# YOUR TASK
Return the material below exactly, but only from the line with "6210 Gilbert Ave, Parma, OH 44129 photo 3" through the line with "Vintage Smith and", and without its pictures.

# DATA
-=-=-
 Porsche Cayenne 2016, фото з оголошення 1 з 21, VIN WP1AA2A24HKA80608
-=-=-
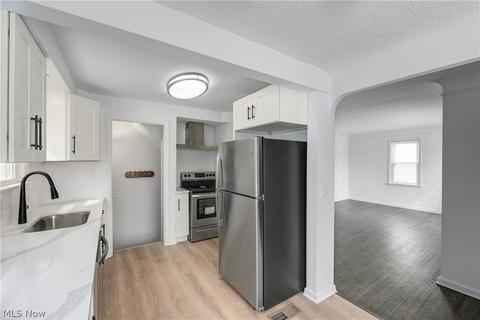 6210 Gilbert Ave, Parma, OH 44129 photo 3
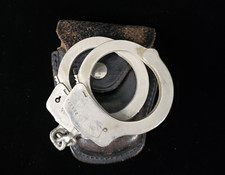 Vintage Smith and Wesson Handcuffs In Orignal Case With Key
-=-=-
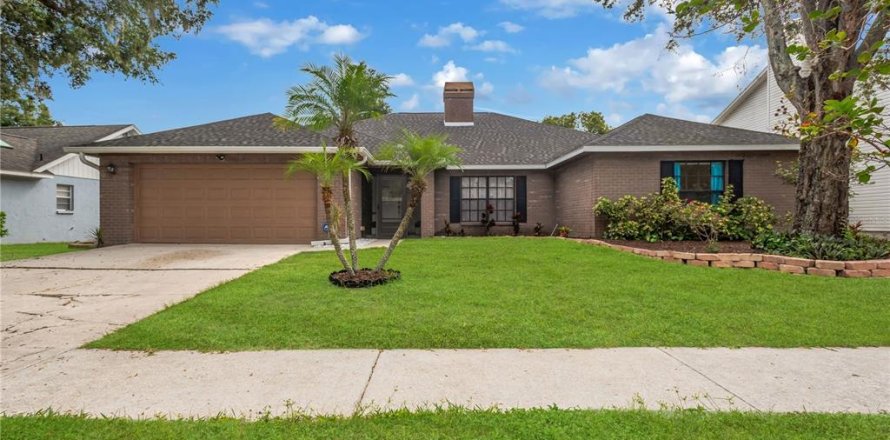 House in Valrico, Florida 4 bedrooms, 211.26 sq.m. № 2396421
-=-=-
# YOUR RESPONSE
 6210 Gilbert Ave, Parma, OH 44129 photo 3
 Vintage Smith and Wesson Handcuffs In Orignal Case With Key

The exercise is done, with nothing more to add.